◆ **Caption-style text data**
==============================

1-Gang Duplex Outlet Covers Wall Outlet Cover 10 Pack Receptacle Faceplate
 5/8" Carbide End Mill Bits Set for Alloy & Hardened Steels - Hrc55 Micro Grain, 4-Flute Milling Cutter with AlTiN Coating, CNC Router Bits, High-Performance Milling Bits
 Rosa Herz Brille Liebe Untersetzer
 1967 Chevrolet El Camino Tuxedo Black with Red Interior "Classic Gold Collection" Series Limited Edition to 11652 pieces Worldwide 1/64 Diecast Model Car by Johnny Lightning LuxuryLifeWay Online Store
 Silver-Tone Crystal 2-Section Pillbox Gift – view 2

==============================

◆ **What is needed**
Please make an exact copy of the entries, down to the last character.

◆ **Solution**
1-Gang Duplex Outlet Covers Wall Outlet Cover 10 Pack Receptacle Faceplate
 5/8" Carbide End Mill Bits Set for Alloy & Hardened Steels - Hrc55 Micro Grain, 4-Flute Milling Cutter with AlTiN Coating, CNC Router Bits, High-Performance Milling Bits
 Rosa Herz Brille Liebe Untersetzer
 1967 Chevrolet El Camino Tuxedo Black with Red Interior "Classic Gold Collection" Series Limited Edition to 11652 pieces Worldwide 1/64 Diecast Model Car by Johnny Lightning LuxuryLifeWay Online Store
 Silver-Tone Crystal 2-Section Pillbox Gift – view 2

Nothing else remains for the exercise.